次の記述は、シール型鉛蓄電池について述べたものである。このうち正しい記述の番号はどれか。
1.構成する単セルの電圧は、約12[V]である。
2.電解液には希塩酸、正極には二酸化鉛、負極には金属鉛がそれぞれ用いられる。
3.密閉構造となっており、電解液は外部に流出しない。
4.定期的に補水を行う必用がある。
5.電解液の比重は、放電が進むにつれて低下する。
シール型鉛蓄電池は、充電することで繰り返し使うことができる「蓄電池」の一種です。
こんな形のもの、高校(中学?)で習った方もいるかもしれません。
私も習いましたが、すっかり忘れてました(笑)。
忘れてたとしても、試験までに覚えれば全く問題ありません。
では早速、各選択肢を順番に見ていきたいと思います。
--------------------------------
1.先に結論から言うと、シール型鉛蓄電池を構成する単セルの電圧は、公称2.0[V]です。

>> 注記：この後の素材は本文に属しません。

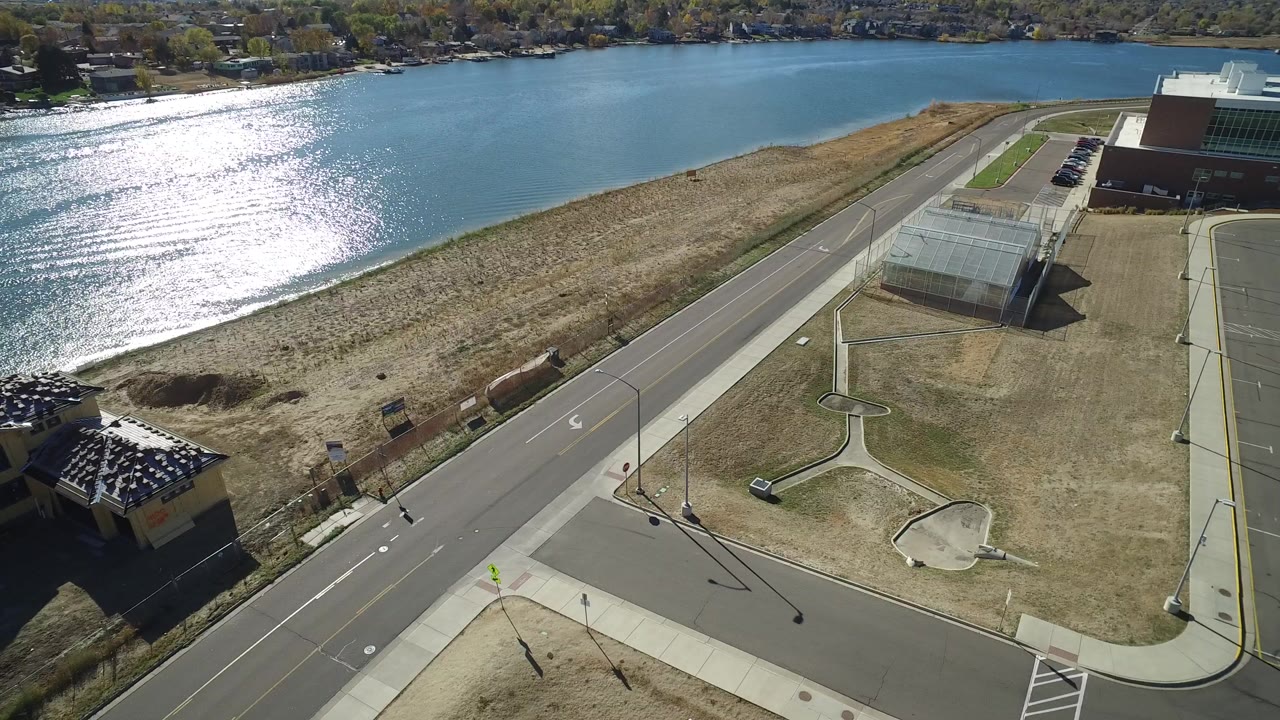 Aerial view of a lakeside road, shoreline grass, buildings, and bright water glare.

一般的に、電力を供給する目的で無線中継所などに設置されている蓄電池は、この「セル」がいくつも集まった状態です。
蓄電池の全体電圧は、例えばセルが24個あると2×24=48[V]、セルが50個あると2×50=100[V]となります。
なお、公称とは「(名前や値が)表向きに発表されているもの」という意味で、蓄電池の場合も、メーカーが表向きに発表している値が2.0[V]ということです。
まぁ公称云々はあまり気にしなくていいと思います。
--------------------------------
2.電極に使われる部分は正しいのですが、電解液に用いられるものは希硫酸です。
ちなみに二酸化鉛とは、鉛に酸素が結び付いたものです。
二酸化鉛が正極側なので、真逆に覚えないよう注意してください。
--------------------------------
3.その通りです。電解液が流動しないので「ドライバッテリー」とも呼ばれています。
また、液漏れする心配がないので横に寝かせて置くこともできます。
※天地を真逆にした状態で置くことはできません。
--------------------------------
4.シール型鉛蓄電池では、定期的な補水は不要です。補水が必要なのは、別の種類の「ベント型鉛蓄電池」の方になります。
これについては、後で少し紹介したいと思います。
--------------------------------
5.その通りです。電解液の比重とは、水と電解液の重さの相対的な比をいいます。
例えば電解液の比重が1.2の場合、電解液の重さは水の1.2倍となります。
放電によって、負極と正極それぞれで酸化還元反応が起こり、最終的に電解液内の硫酸の濃度が減るため、電解液の比重は低くなります。
なお、充電した場合は放電時と逆の反応が起きますので、電解液の比重は高くなります。
--------------------------------
以上より、正しい記述の番号は3と5になります。
ベント型鉛蓄電池とは?
ベント型鉛蓄電池は「液式バッテリー」とも呼ばれ、電解液の入った容器に2つの電極板を挿入した蓄電池です。
仕組みはシール型鉛蓄電池と似ていますが、こちらは容器が完全には密閉されていません。
このため、反応によって生じた酸素や水素は外部に逃げていき、時間の経過と共に電解液中の水分が失われるため、定期的な補水が必要となります。
加えて、蓄電池の位置によっては中途半端に屈んだ体勢で補水するので、割とハードです(笑)。
--------------------------------
中継所の保守担当になると、色々なタイプの蓄電池に携わる可能性が高くなります。
試験が終わって余裕ができたら、蓄電池ごとの特徴にも目を通してみてください。